• **EXERCISE DIRECTIONS**
Locate the line with "Camiseta algodón detalle" in the material. Copy that line and each one after it, through the last, exactly and with nothing else.

• **EXERCISE DATA**

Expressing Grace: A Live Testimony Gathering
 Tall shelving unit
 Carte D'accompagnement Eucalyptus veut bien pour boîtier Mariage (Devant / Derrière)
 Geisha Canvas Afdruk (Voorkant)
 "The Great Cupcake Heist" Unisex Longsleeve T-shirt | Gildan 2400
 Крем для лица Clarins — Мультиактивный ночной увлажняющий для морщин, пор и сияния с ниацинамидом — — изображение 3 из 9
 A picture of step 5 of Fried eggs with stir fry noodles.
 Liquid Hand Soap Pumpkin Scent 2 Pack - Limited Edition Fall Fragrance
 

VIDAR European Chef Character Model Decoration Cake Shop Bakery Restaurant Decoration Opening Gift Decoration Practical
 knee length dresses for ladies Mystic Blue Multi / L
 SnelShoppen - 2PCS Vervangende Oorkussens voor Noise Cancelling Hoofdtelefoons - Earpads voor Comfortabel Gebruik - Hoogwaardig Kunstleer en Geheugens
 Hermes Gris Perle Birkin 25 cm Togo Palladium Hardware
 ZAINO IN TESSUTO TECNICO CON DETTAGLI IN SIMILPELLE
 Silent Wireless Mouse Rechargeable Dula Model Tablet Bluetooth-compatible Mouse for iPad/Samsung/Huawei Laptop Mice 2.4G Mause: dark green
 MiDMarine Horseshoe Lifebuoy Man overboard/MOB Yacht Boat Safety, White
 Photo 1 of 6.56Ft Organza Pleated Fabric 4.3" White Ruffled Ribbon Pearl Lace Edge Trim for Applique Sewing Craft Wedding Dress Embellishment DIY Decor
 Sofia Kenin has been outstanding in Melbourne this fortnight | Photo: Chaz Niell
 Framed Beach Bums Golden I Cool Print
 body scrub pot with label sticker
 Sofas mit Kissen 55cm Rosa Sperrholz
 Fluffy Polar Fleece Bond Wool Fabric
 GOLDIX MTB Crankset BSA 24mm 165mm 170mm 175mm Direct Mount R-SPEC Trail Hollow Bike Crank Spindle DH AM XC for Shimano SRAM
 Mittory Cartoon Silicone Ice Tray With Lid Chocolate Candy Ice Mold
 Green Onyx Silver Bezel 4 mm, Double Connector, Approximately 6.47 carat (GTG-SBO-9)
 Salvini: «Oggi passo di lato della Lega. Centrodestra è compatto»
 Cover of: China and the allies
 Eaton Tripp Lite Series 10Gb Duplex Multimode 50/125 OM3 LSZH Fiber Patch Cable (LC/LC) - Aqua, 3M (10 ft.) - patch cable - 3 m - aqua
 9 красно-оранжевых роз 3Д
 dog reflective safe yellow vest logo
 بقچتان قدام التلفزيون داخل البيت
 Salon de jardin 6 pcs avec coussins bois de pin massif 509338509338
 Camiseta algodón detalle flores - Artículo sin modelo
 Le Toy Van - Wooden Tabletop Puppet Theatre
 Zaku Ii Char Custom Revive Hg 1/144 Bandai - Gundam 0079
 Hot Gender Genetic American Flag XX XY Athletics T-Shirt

• **SOLVED PROBLEM**
 Camiseta algodón detalle flores - Artículo sin modelo
 Le Toy Van - Wooden Tabletop Puppet Theatre
 Zaku Ii Char Custom Revive Hg 1/144 Bandai - Gundam 0079
 Hot Gender Genetic American Flag XX XY Athletics T-Shirt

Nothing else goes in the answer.